### MATERIAL PROVIDED:
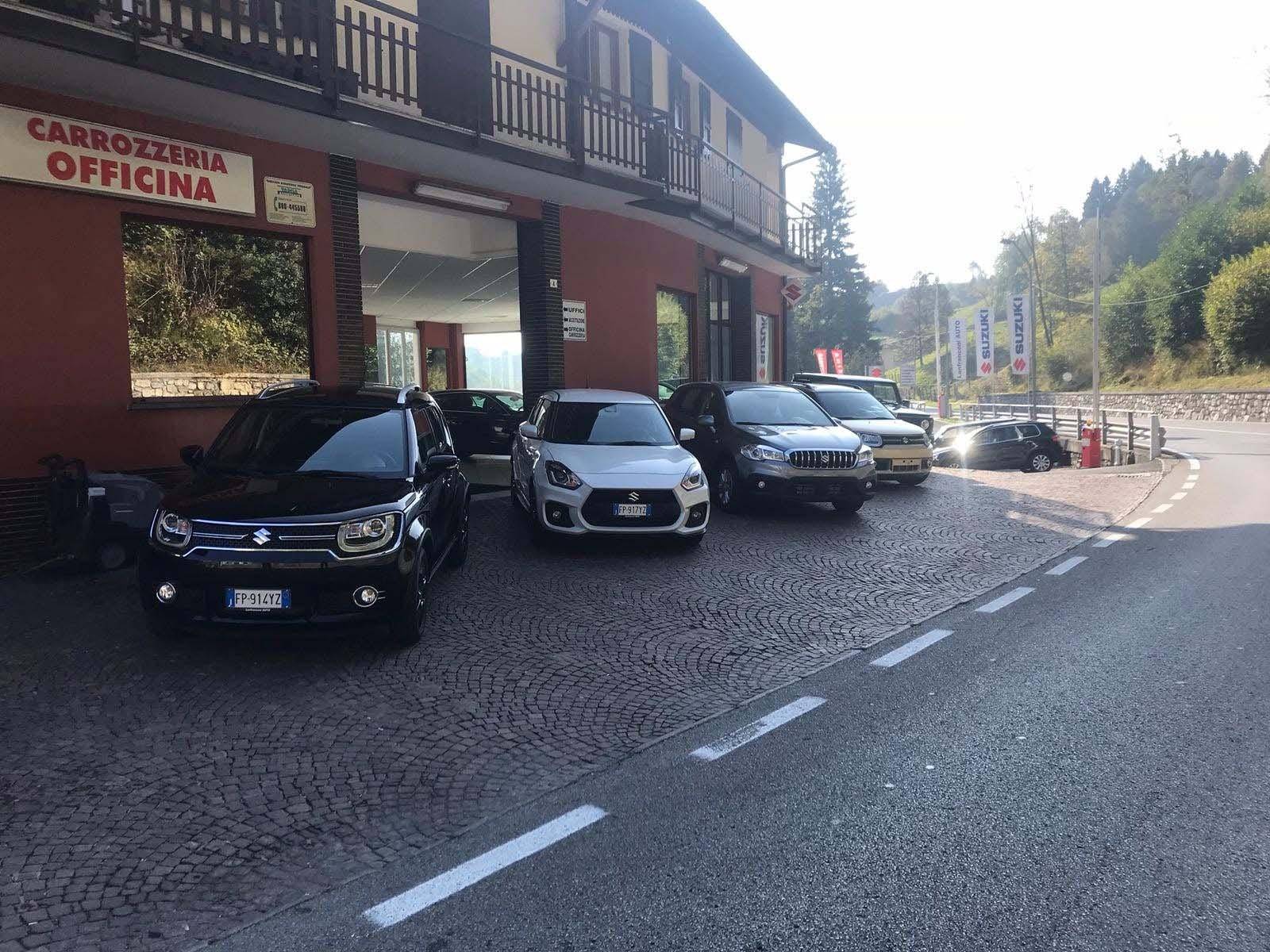 Lanfranconi Auto Srl
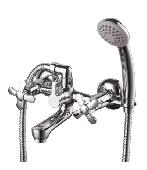 Смес. д/ванны с коротк. изливом LEMARK PARTNER (LM6542C)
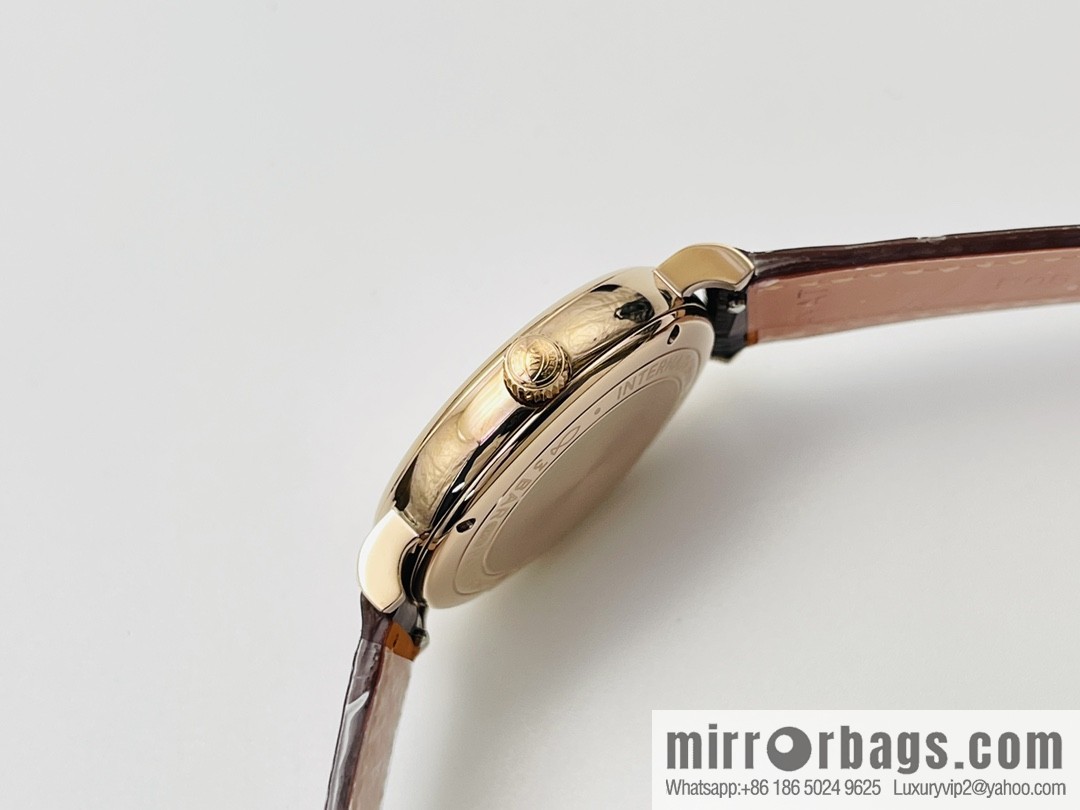 2022 The latest IWC launched the Portofino automatic watch 34MM series watch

### ASSIGNED TASK:
Would you transcribe the listing above line by line, exactly, leaving every picture out?

### OUTPUT:
 Lanfranconi Auto Srl
 Смес. д/ванны с коротк. изливом LEMARK PARTNER (LM6542C)
 2022 The latest IWC launched the Portofino automatic watch 34MM series watch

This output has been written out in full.